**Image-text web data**
_ _ _ _ _

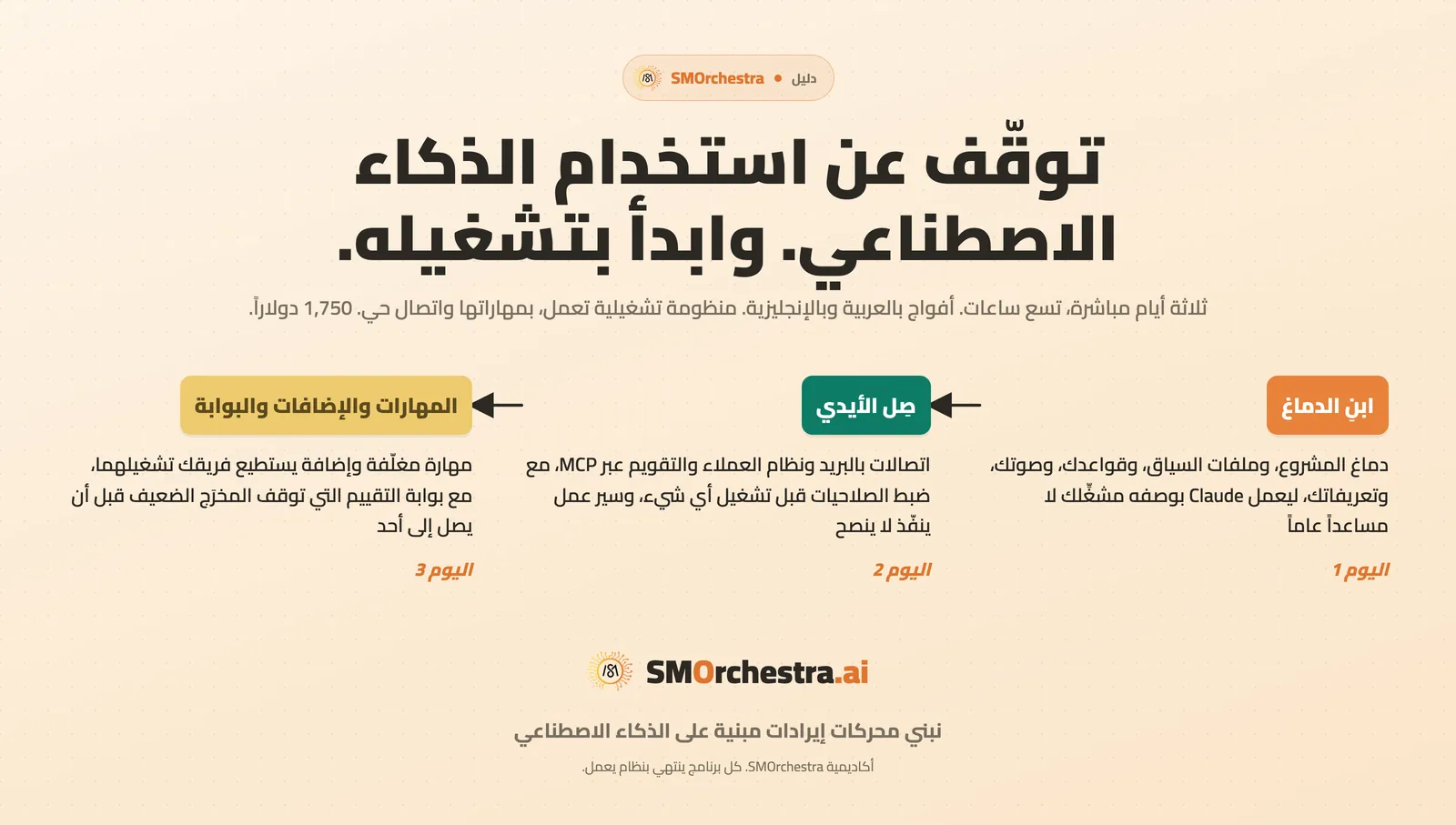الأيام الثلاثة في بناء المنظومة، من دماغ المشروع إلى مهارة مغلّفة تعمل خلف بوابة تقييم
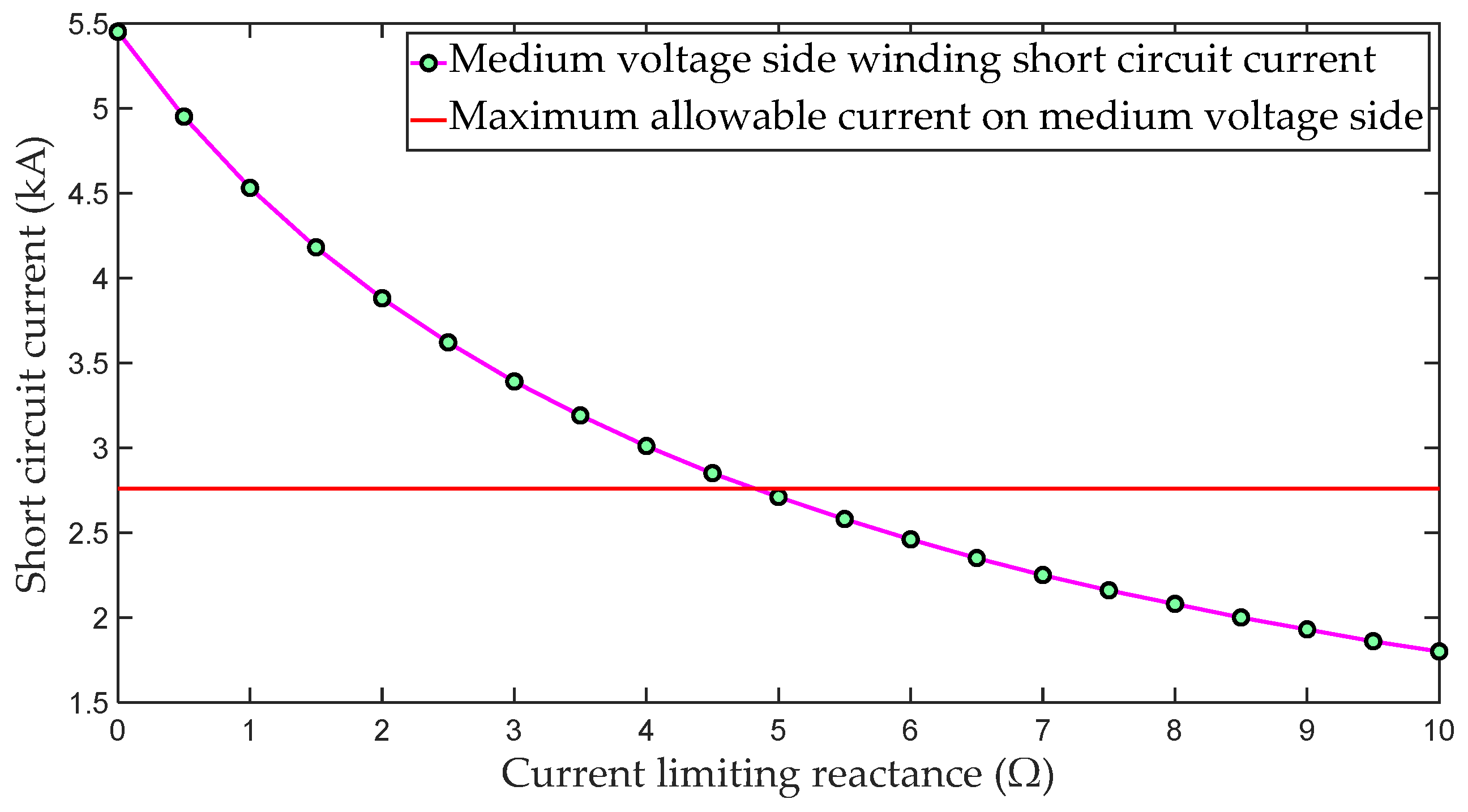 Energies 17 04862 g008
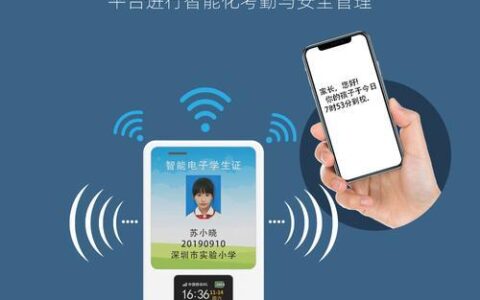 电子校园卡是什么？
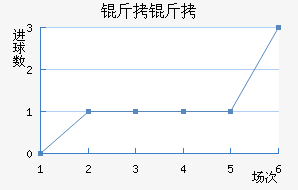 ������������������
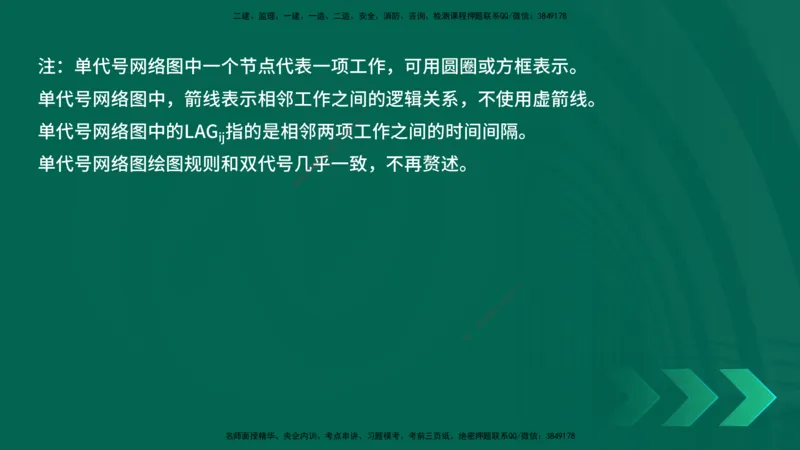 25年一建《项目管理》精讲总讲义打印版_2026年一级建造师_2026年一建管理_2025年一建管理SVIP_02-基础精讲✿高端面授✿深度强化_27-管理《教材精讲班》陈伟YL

_ _ _ _ _

**Task to complete**
Give the records again exactly, minus the pictures.

**Answer area**
الأيام الثلاثة في بناء المنظومة، من دماغ المشروع إلى مهارة مغلّفة تعمل خلف بوابة تقييم
 Energies 17 04862 g008
 电子校园卡是什么？
 ������������������
 25年一建《项目管理》精讲总讲义打印版_2026年一级建造师_2026年一建管理_2025年一建管理SVIP_02-基础精讲✿高端面授✿深度强化_27-管理《教材精讲班》陈伟YL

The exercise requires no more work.